You don’t need to make a flamboyant display of your generosity – just say something like “my treat”; alternatively, use the phrase “I’d like to take you out to [dinner]” when you make the initial arrangement. This will also allow you to take on the role of host, and to discreetly manage the proceedings.

If you want to split the bill

On many occasions, however, eating together is a co-operative affair and the challenge of splitting the bill is much more easily dealt with if it is acknowledged at the outset.

So, when everybody is settled at the table and looking at their menus it is sensible for one person (frequently there is one individual who has initiated the arrangement, suggested the restaurant, gathered the group together) to just say something like “I think it would be much easier if we split the bill”, or “are we all agreed we’re going to split the bill?”.

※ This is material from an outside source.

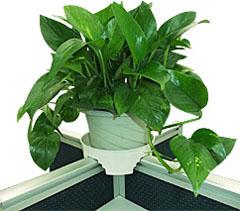 供應(yīng)室內(nèi)綠色植物辦公室花木租擺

Important to establish who will pay if an expensive wine is selected
Important to establish who will pay if an expensive wine is selected - MILOS STANKOVIC/E+

While there is often one individual who is “in charge” when it comes to eating as a group, it is important that they do not become too dictatorial.

Running the whole show (giving menu guidance, ordering wine, talking to the sommelier, deciding when to order coffee, signalling for the bill and so on) is the privilege of a host who intends to pay for the meal.

If you behave in this way, fellow diners might assume that you are going to pick up the bill, which could cause embarrassment.

If you intend to pay for a couple of people

If you are dining in a large group which includes, for example, members of your family or your partner, and you intend to pay for them, it might be a good idea to tell them that it is your treat before the meal starts.

Then, when it comes to the final reckoning, you can discreetly mention to the waiter that you will be paying for several individuals, and your payment can be adjusted accordingly.

How to order politely

It is important to clarify that the bill is going to be split at the outset because if everyone is aware that the bill will be equally divided, they are more likely to moderate their choices and match their dining companions – for example, if everybody is ordering cheaper daily specials rather than more expensive à la carte options, it is sensible to fall into step.

Take the precaution of being somewhat tentative about ordering, holding back and consulting with fellow diners before making your choice, rather than plumping decisively for the most expensive option.

These accommodations can be openly acknowledged by the group, and it is helpful if one person (possibly the group “leader”) says something like, “shall we all stick to the set menu?” or “shall we go straight to the main course?”.

Alarm bells will ring if one recalcitrant individual insists that they want to order, for example, the extremely expensive lobster, and casually adds “I’ll pay the difference”.

This signals problems ahead, as it means there might be complex negotiations at the end of the meal, so it is more considerate to go with the group dynamic and reserve your wilder extravagances for another occasion.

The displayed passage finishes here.